いっそ負け札を出すという手も

とはいえ、「おたくは、どうなの?」なんて言われたら、何か言い返してやらなきゃならない気持ちになるよね。

勝ち札を持っていたら(「うちの娘はオックスフォードに留学して、外交官試験の準備をしてるわ」「うちの娘は、モデルになって、今パリコレ出演中」)、気持ちよく叩きつければいいけど、それができない場合は、いっそ、わが家のひどい負け札をだすのも一興。

「うち? 下の子が二浪して、やっと滑り込んだと思ったら、中退しちゃってフリーター。もう、親子して大笑い」なんてね。

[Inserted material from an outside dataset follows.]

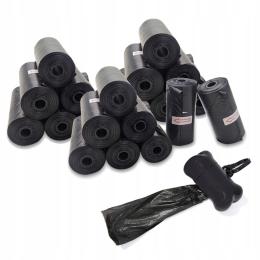 Woreczki Worki Na Psie Odchody Kupy 1320 szt Etui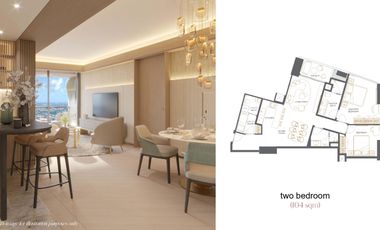 Shang Bauhinia Residences – 3-Bedroom Signature Luxury Condo for Sale - Cebu City, Philippines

イタリア旅行の話をされて、「いいわねぇ。私なんか隅田川を超えたのは3年前」と暗い顔で返したら、相手も話が弾まない。聞きたくない話を終わりにできるという意味で、負け札は有効なのだ。

ちなみに、うちのおよめちゃんには「ジョーカー」があるらしい。子育てに関する余計なお世話は、すべて「姑が、脳科学的にこれでいいって言ってるから~。あ、姑、脳科学者なんです。黒川伊保子」でやっつけられるからだとか(苦笑)。

母と息子が窓から外を見て
写真=iStock.com/Kaan Sezer
※写真はイメージです

マウンティング沼は、あなたの心の中にある

それにしても、友人知人に起こった「嬉しい話」に、なぜザワつくのだろう。

友だちの子が東大医学部に合格? よかったじゃん。知り合いに優秀なお医者様が増えて、頼もしい限りである。

イタリア旅行で、本格シチリア料理にナポリのお菓子を堪能したあげくイタリア男に言い寄られたなんて話、面白すぎない?

そう考えると、自慢話を、心がザワついて聞いていられないのは、向こうの問題じゃなくて、こちらの問題なのがわかるはず。「それを手に入れたかったのに、手に入らなかった(あるいは先を越された)」という思いが、あなたをさいなむのではないだろうか。

黒川伊保子『女女問題のトリセツ』(SB新書)
黒川伊保子『女女問題のトリセツ』(SB新書)

皮肉だって、余計なお世話だって、無邪気に感謝したり謝ったりしてやればいいだけなのに、なぜか、心がかたくなに抵抗する。真面目で、向上心があって、常に「理想の私」を描いて努力する人は、この沼に落ちやすい。

結局、マウンティングは、片方が「マウンティングされた」と感じたときに成立するものだ。

こっちがイラッとしても、向こうはマウティングの意図がないなんてことは、山ほどある。たとえ、マウンティングのつもりで仕掛けても、こちらが受けて立たなければ、マウンティング不成立。仕掛けた側は、肩透かしを喰らったり、きまりの悪い思いをするだけだ。

つまりね、マウティングの沼は、あなたの心の中にあるということ。

反射的に、誰かと自分を比べて、勝ち負けをはっきりさせようとする本能。生存にまつわる大切な本能なのだが、対人関係では、これを休ませることも知らなくてはね。こういうのを、大人の教養と言うのである。